In this day and age, anyone who equates junk DNA with non-coding DNA isn't worth reading. They've lost all credibility as far as I'm concerned.

Talbott explains the solution later on in his article when he says ...
So what’s going on? These puzzles turn out to be intimately related. As organisms rise on the evolutionary scale, they tend to have more "junk DNA." Noncoding DNA accounts for some 10 percent of the genome in many one-celled organisms, 75 percent in roundworms, and 98 percent in humans. The ironic suspicion became too obvious to ignore: maybe it’s precisely our "junk" that differentiates us from water fleas. Maybe what counts most is not so much the genes themselves as the way they are regulated and expressed. Noncoding DNA could provide the complex regulatory functions that direct genes toward service of the organism’s needs, including its developmental needs.
Anyone who states or implies that there is a significant correlation between total haploid genome size and species complexity is either ignorant or lying.

Larry Moran
Genome Size, Complexity, and the C-Value Paradox
"Organism rise on the evolutionary scale"? Has Talbott done any research at all for this article? His understanding of evolution is no greater than kindergarten level if he believes that there's an evolutionary scale with us near the top.

The idea that noncoding DNA contains sequences that govern gene expression has been with us for fifty years. That's hardly revolutionary. The idea that the amount of junk DNA in a genome equates to complexity has been soundly disproven. The idea that humans might need a million base pairs of DNA to control expression of every gene is ludicrous and has absolutely no evidence to support it. In fact, nobody I know has ever shown that mammalian genes require more regulatory sequences than insect genes or those of crustaceans (water fleas).
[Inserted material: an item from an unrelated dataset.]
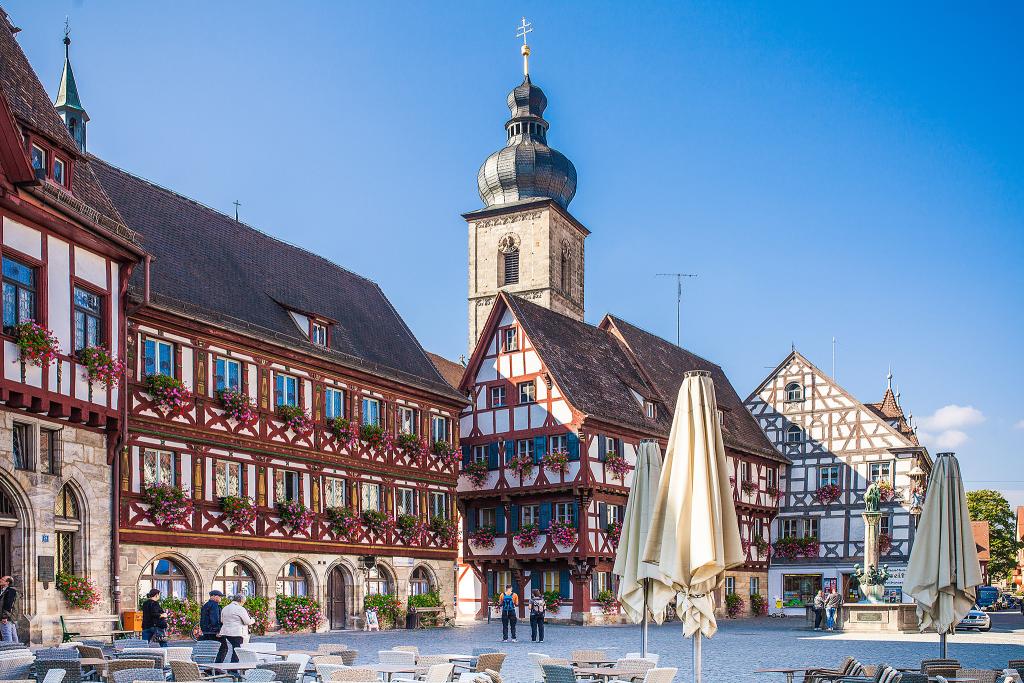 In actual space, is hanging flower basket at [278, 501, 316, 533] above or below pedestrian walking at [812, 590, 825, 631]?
above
What we have here is a perfect example of The Deflated Ego Problem.

What about the third "conundrum"?
Another conundrum — perhaps the most decisive one — has been recognized and wrestled with (or more often just ignored) since the early twentieth century. With few exceptions, every different type of cell in the human body contains the same chromosomes and the same DNA sequence as the original, single-celled zygote. Yet somehow this zygote manages to differentiate into every manner of tissue — liver, skin, muscle, brain, blood, bone, retina, and so on. If genes determine the form and substance of the organism, how is it that such radically different cellular architectures result from the same genes? What directs genes to produce the intricately sculpted and differentiated form of a complex organism, and how can this directing agency be governed by the very genes that it directs?
We've known the basic answer to this "conundrum" for about five decades. Talbott's idea of a revolution is very strange.

Don't bother reading the article in The New Atlantis. There's nothing "new" there and it may make you very angry.


1. Steve Talbott is a Senior Researcher at The Nature Institute. "My primary undertaking right now is a critique of conventional science with a view toward establishing the foundations of a new, qualitative science. The project, which requires an extraordinarily radical assessment of contemporary habits of thought, is headquartered here."